Simon Jack compte parmi les nombreux diplômés en droit qui ont eu de la difficulté à trouver un stage en milieu urbain. En Ontario, plus d’un étudiant sur sept obtient son diplôme sans avoir reçu une offre de stage.

Un grand nombre d’étudiants n’envisagent toutefois pas de quitter la ville pour aller faire leur stage dans une communauté rurale ou du Nord. Selon un sondage mené auprès d’étudiants en stage par la division de la Colombie-Britannique de l’Association du Barreau canadien, près de 82 % des répondants ont déclaré qu’ils préféreraient pratiquer le droit soit à Vancouver, soit à Victoria. Seulement 0,5 % des répondants ont affirmé qu’ils aimeraient pratiquer dans le nord de la Colombie-Britannique.

Selon Simon Jack, les communautés comme celle de Thompson, qui est située à environ 750 kilomètres au nord de Winnipeg, ont beaucoup à offrir aux étudiants. « Les Manitobains semblent croire que Thompson est une région reculée à l’abandon, mais ce n’est pas le cas », affirme-t-il.

« Je crois que beaucoup de communautés du Nord sont perçues comme une solution de dernier recours, lorsqu’aucun travail n’est trouvé dans les grandes villes, ce que je trouve injuste. Travailler dans le Nord n’est pas synonyme d’échec, à moins de tout gâcher ou de ne rien faire pour en tirer le meilleur parti possible », affirme Simon Jack. « Et je ne dis pas ça uniquement parce que je me suis retrouvé ici. »

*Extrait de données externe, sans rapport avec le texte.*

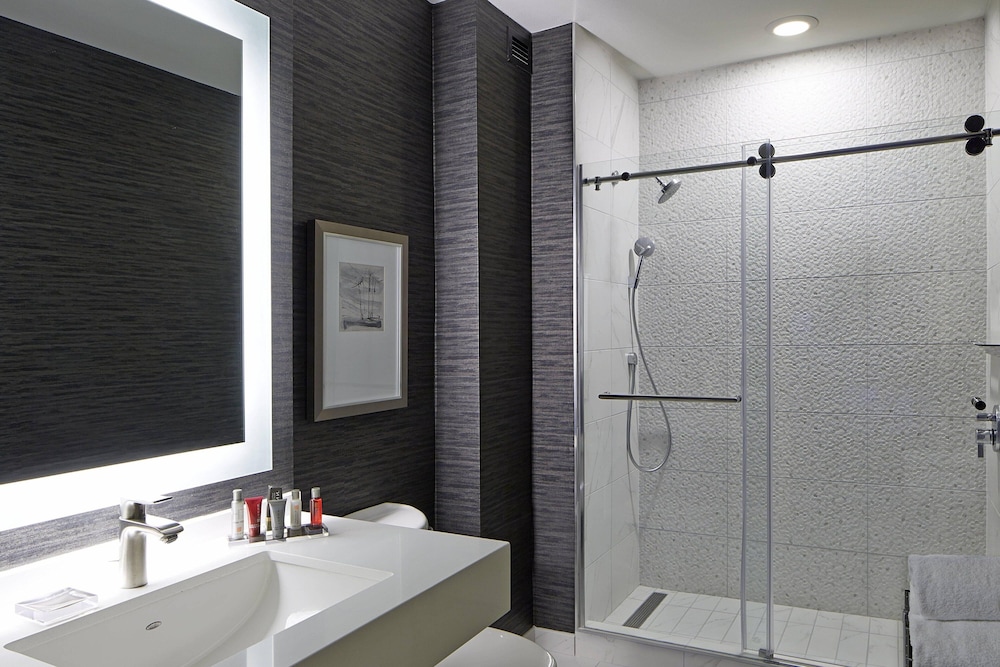 Executive Suite, 1 Bedroom, Balcony - Photo 4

Roberta J. Stewart, associée chez Heather Sadler Jenkins LLP à Prince George, en Colombie-Britannique, affirme que les stagiaires ont plus de chance d’acquérir de l’expérience pratique dans les communautés rurales et du Nord. Contrairement à ses camarades qui ont fait des stages dans de grandes villes, elle affirme qu’au cours de son année de stage, elle a plaidé devant le tribunal, a rencontré des clients, a été encadrée par des associés principaux et s’est occupée de certains dossiers.

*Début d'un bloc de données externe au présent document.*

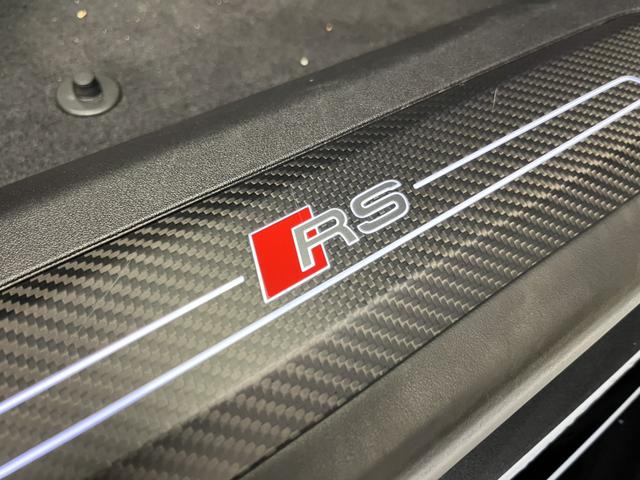 ＲＳ ｅ－トロンＧＴ ベースグレード　カーボンＰＫＧ　テクノロジーＰＫＧ　ＲＳデザインＰＫＧレッド　ＯＰ２１ＡＷ　ダイナミックＰＫＧプラス　赤キャリパー　シートエアコン　ファインナッパレザー　Ｂａｎｇ＆Ｏｌｕｆｓｅｎ　マトリクス　認中車（55枚目）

Simon Jack est d’accord avec cette affirmation, précisant qu’au cours de la dernière année, il s’est rendu au tribunal presque tous les jours.

« Les stagiaires s’occupent de dossiers importants ici, des dossiers qu’on ne verrait sans doute même pas dans le sud de la province », affirme Simon Jack, originaire de l’Île-du-Prince-Édouard. « J’ai participé à plus de comparutions devant le tribunal en une semaine que mon ami pendant toute son année de stage, dans le sud. »

Roberta J. Stewart n’était jamais allée à Prince George lorsqu’un ami de la famille a proposé qu’elle fasse une demande de stage chez Heather Sadler Jenkins, en 2003.

« J’ai même dû consulter une carte pour savoir où c’était », dit-elle en riant.

Morna Boyle n’était, elle non plus, jamais allée à Rankin Inlet avant d’arriver dans cette région éloignée du Nunavut pour son emploi d’été, en 2012.

Elle y est cependant retournée l’année suivante pour effectuer un stage à la Commission des services juridiques du Nunavut et prévoit même poursuivre sa collaboration avec l’organisme en tant que criminaliste.

Morna Boyle, qui est originaire d’Ottawa, affirme que son stage lui a permis de se familiariser avec différentes branches du droit, dont le droit criminel, le droit civil et le droit de la famille.

« Les causes sont toujours intéressantes et stimulantes, et le système des cours itinérantes fonctionne de telle sorte qu’un stagiaire peut acquérir une grande expérience en salle d’audience », explique-t-elle.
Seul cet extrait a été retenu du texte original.